Quantified risk estimate (2/2): What data, what tools?
If we have seen in a previous article the predominance of FAIR in the world of quantification, another article published here in early June (detailing the FAIR method in its second part) emphasizes the care to be taken in the method workflow, whose results of the calculations (possibly being automated) allow to obtain precise values. .
However, how to model these different FAIR input data? How to compute with these data? Are there tools to simplify their collection or estimate their quality, and what efforts do they require to be implemented?
Having seen previously how trustworthy the risk quantification method was in its processes, let’s now see how the inevitable part of subjectivity can be isolated, and which facilitators can help to obtain reliable results.
The FAIR fuel: data
The risk analysis proposed by FAIR (according to the standardization document published by openGroup) is carried out in four stages:
- At first, in a fairly conventional way, it is a question of specifying the scope of the examined risk : what is the asset (subject to risk), what is the threat context (agent and scenario), and what is the loss event (the dreaded event in terms of losses);
- The second step (called Evaluate Loss Event Frequency) aims at collecting all the frequency data related to the loss event (and thus intimately linked to the threat agent). This consists of collecting the values for the left branch of the arborescence below.
- The third one (called Evaluate Loss Magnitude), because it assesses the loss, is focused on the asset. It is then a question of estimating the various primary losses (i.e. the inevitable loss in case of risk occurrence) and secondary (or possible loss, i.e. not occurring systematically when the risk advent).
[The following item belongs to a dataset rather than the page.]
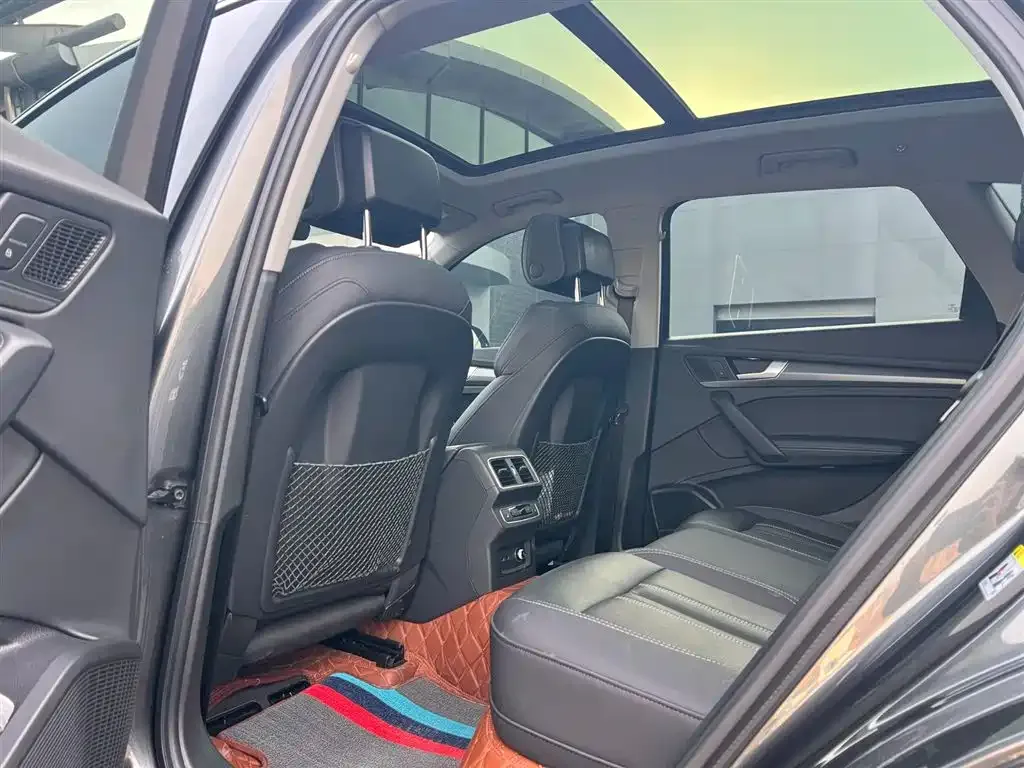 Audi Q5L 2023 из CN, фото 4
Its goal is to collect the values of the right branch in the tree below.
- Finally, the last step (called Derive and Articulate Risk) consists in merging the collected data as defined in the FAIR tree by the various calculations, to obtain the result in the form of usable outputs.
Link between FAIR analysis and taxonomy
Without detailing more the taxonomy, already discussed in the article presented before2, one can note that the standard analysis of a single risk requires seven data (corresponding to the elements at the base of the tree):
- Contact frequency;
- Possibility of action;
- Threat capability;
- Resistance strength;
- Primary loss magnitude;
- Secondary loss magnitude;
- Secondary loss event frequency.
It should be added that FAIR invites to decline losses (primary and secondary) into six categories (in order to ease and accurate estimate of the loss):
- The production losses: related to the interruption of the service produced by the asset;
- The response cost: related to the incident response;
- The replacement costs: related to the replacement of damaged constituents of the asset;
- The fine/judgement costs: related to fines, court fees and legal proceedings;
- The financial impact on competitive advantage: related to the impact on the organization in its sector;
- The reputation costs: related to the impact on the public image of the organization.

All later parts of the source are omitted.